La lama era affondata decida in mezzo al petto.

Itachi aveva un sorriso felice e soddisfatto dipinto sul volto bello e dannato.

Poi aveva tagliato con lentezza tutto il busto del fratello fino alla vita, vedendo il sangue e le interiora che uscivano un poco.

Meraviglioso.

Il corpo umano, la vita.

Era tutto meraviglioso.

Il mattino seguente la squadra omicidi avrebbe trovato il corpo di Sasuke senza vita e senza organi interni.

E Naruto, sull’albero vicino, avrebbe trovato un’incisione che gli avrebbe salvato la vita.

 “E’ LA DONNOLA” ***

 

Sakura si morse il labbro, mentre lottava con tutta se stessa per non andare a vomitare da qualche parte. La donna dietro di lei si alzò, un fazzoletto alla bocca, cercando di non crollare in mezzo all’aula.

Il racconto di Itachi aveva turbato molti, anche lei che ad ogni parola dell’uomo si ricordava il corpo di Sasuke squartato all’obitorio.

“Però vede..” Riprese Itachi, sorridendo a Tsunade che non si era mossa di un centimetro, come se stesse ascoltando una storia qualunque.

“.. il fratellino mi aveva incastrato. Il suo amichetto mi ha teso un’imboscata.” Disse riferendosi a Naruto, seduto poco distante da lui.

Tsunade e gli altri della Corte Suprema si scambiarono un’occhiata l’un l’altro, comunicando a gesti, tutti d’accordo sulla decisione da prendere.

“Itachi Uchiha.” Chiamò Morino.

Il silenzio nell’aula era palpabile. Il verdetto era giunto.

Sakura non respirava. Da quando era iniziato il processo, le era sembrato di stare in una apnea costante.

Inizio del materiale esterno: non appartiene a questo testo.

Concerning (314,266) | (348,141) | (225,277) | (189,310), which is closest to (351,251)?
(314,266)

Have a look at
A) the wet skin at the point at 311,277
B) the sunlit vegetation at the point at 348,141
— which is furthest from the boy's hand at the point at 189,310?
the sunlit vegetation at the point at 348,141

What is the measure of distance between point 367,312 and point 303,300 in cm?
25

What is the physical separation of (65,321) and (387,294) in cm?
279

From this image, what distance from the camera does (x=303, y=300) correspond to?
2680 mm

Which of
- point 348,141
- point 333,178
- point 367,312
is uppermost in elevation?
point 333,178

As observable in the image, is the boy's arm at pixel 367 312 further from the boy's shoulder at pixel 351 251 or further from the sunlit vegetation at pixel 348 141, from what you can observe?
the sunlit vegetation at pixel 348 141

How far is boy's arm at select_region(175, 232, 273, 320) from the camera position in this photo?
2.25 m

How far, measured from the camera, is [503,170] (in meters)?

“Lei è giudicato colpevole per tutte le accuse. Ergastolo.”

I muscoli di Sakura si distesero, mentre Ino l’abbracciava forte, contenta.

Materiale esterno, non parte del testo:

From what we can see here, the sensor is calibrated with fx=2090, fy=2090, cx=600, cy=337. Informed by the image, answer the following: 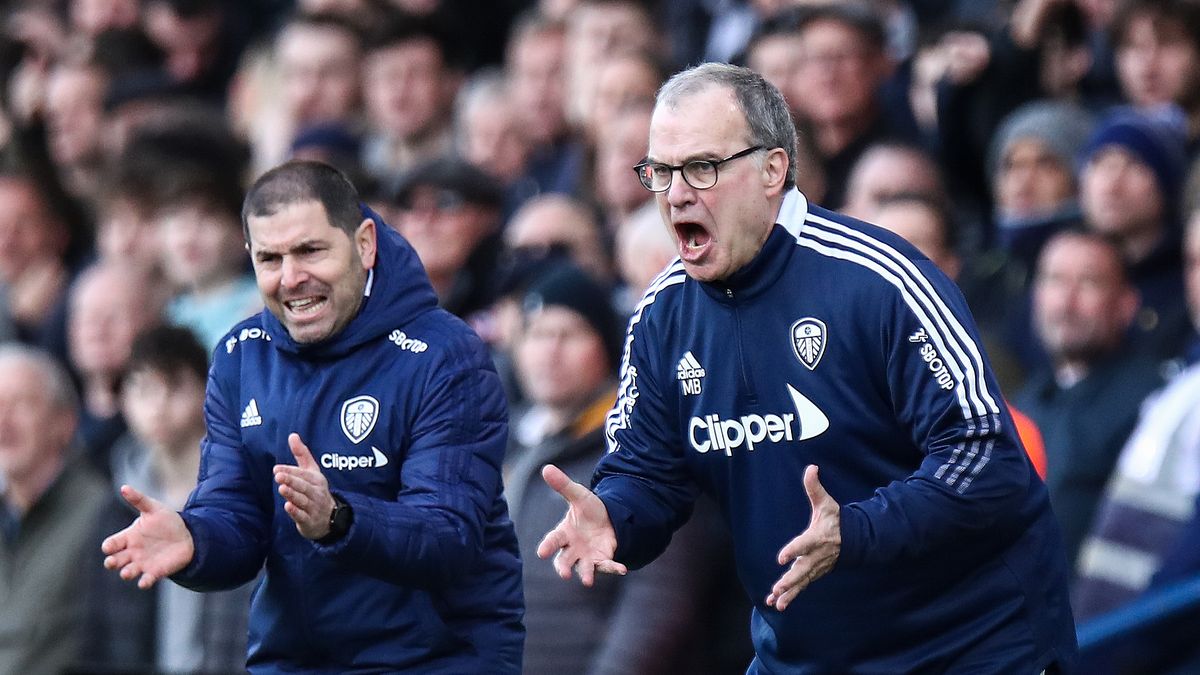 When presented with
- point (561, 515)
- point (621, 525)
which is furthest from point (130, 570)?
point (561, 515)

Itachi non si mosse dalla sua postazione, anzi rimase col suo sguardo fiero, senza dire una parola, osservando Tsunade che lo ricambiava: un perfetto segno di sfida.

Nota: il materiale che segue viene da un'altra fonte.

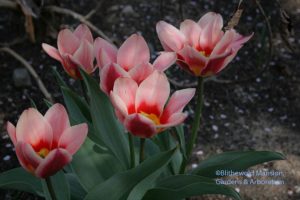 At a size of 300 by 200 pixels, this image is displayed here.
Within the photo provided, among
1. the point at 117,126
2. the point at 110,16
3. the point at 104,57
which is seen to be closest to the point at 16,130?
the point at 104,57

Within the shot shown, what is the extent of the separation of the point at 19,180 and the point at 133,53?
0.38 metres

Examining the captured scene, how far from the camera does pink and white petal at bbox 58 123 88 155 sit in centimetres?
90

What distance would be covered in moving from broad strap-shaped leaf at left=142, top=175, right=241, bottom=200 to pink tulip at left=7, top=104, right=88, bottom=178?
0.94 ft

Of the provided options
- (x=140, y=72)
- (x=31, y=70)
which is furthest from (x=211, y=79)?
(x=140, y=72)

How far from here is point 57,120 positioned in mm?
950

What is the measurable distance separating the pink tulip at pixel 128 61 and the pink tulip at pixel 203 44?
0.15ft

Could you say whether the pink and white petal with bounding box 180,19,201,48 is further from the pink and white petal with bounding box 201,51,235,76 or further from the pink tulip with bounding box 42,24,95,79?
the pink tulip with bounding box 42,24,95,79

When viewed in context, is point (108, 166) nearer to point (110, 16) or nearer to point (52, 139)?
point (52, 139)

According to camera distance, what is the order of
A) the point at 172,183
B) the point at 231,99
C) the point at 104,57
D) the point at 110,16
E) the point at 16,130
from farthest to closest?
1. the point at 110,16
2. the point at 231,99
3. the point at 172,183
4. the point at 104,57
5. the point at 16,130

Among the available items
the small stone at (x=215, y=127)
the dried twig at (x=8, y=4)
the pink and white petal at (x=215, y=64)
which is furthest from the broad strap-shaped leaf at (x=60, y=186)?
the dried twig at (x=8, y=4)

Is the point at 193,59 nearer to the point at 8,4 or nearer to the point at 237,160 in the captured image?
the point at 237,160

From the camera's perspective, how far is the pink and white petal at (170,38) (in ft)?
3.56

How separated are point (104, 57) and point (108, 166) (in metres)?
0.27

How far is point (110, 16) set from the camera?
2441 mm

“Lei credeva davvero alle mie parole, a quelle di Platone.” Le disse curioso.

“Perché allora ha deciso questo? Perché?”

Tsunade lo osservò, alzandosi in piedi e mettendo a posto le sue carte.

“Mi stupisco che non trovi da solo la risposta, dato il suo intelletto e la sua vasta cultura.”

Itachi pendeva dalle sue labbra, curioso come un bambino, felice di aver trovato una degna rivale.

“Platone aveva ragione, certe cose non si posso giudicare, perché non conosciamo la vera essenza della Morte. Ma lei ha sbagliato, perché ha dimenticato il diritto della Vita e della Morte stessa. Non ha lasciato tale diritto alle vittime. Loro non hanno potuto scegliere.”

“Io l’ho detto che lei era una donna intelligente. Sono felice di essere stato battuto da un così tale ingegno.”

Due uomini presero in malo modo Itachi sotto braccio e lo portarono via verso le prigioni, tra le urla e le ovazioni della folla che gli lanciava insulti e bestemmie, gli augurava le peggio cose in prigione.

Prima di scomparire, Sakura fu sicura che Itachi Uchiha l’avesse guardata con provocazione, ma fu soltanto un attimo.

Si risistemò e corse da Naruto abbracciandolo forte, mentre lui cercava di ricambiare per quanto impedito fosse.

 

“[…] Itachi Uchiha è stato trovato morto nella sua cella, l’ora del decesso

probabilmente risale per le ore 23.00.

Si tratta di suicidio.

La guardia ha rivelato che non ci sono stati strani rumori, che tutto era come ogni sera.

Pare che l’omicida si sia procurato dei profondi tagli in tutto il corpo e si sia lasciato morire dissanguato.

Una morte lenta e dolorosa che […]”

Londra, The Sun, 15 di Gennaio, 1959.

 

 

Ciò che scambiate per pazzia non è altro che estrema godezza dei sensi. ****

 

 

 

 

Fine

 

 

 

 

 

Note:

* e ** à da Platone – Apologia di Socrate.

*** à Itachi in giapponese vuol dire “donnola”.

****à da Edgar Allan Poe (1809-1849)

- Il giornale The Sun esiste davvero, ed è uno dei più venduti nel Regno Unito.

- La Corte Suprema Britannica non esiste.

 

 

Note di Lee:

Devo dire che questa per me è una grande soddisfazione nonché una grande sorpresa. Non farò la modesta dicendo che non me l’aspettavo.

Non ci avrei scommesso un solo centesimo del mio portafoglio.

Era un contest abbastanza difficile per me e fino all’ultimo sono stata con l’ansia (e bhè, ormai si sa che sono una tipa calma XD)

Ringrazio Blackie ed Elwerien per il contest e un applauso per tutte le autrici che hanno partecipato.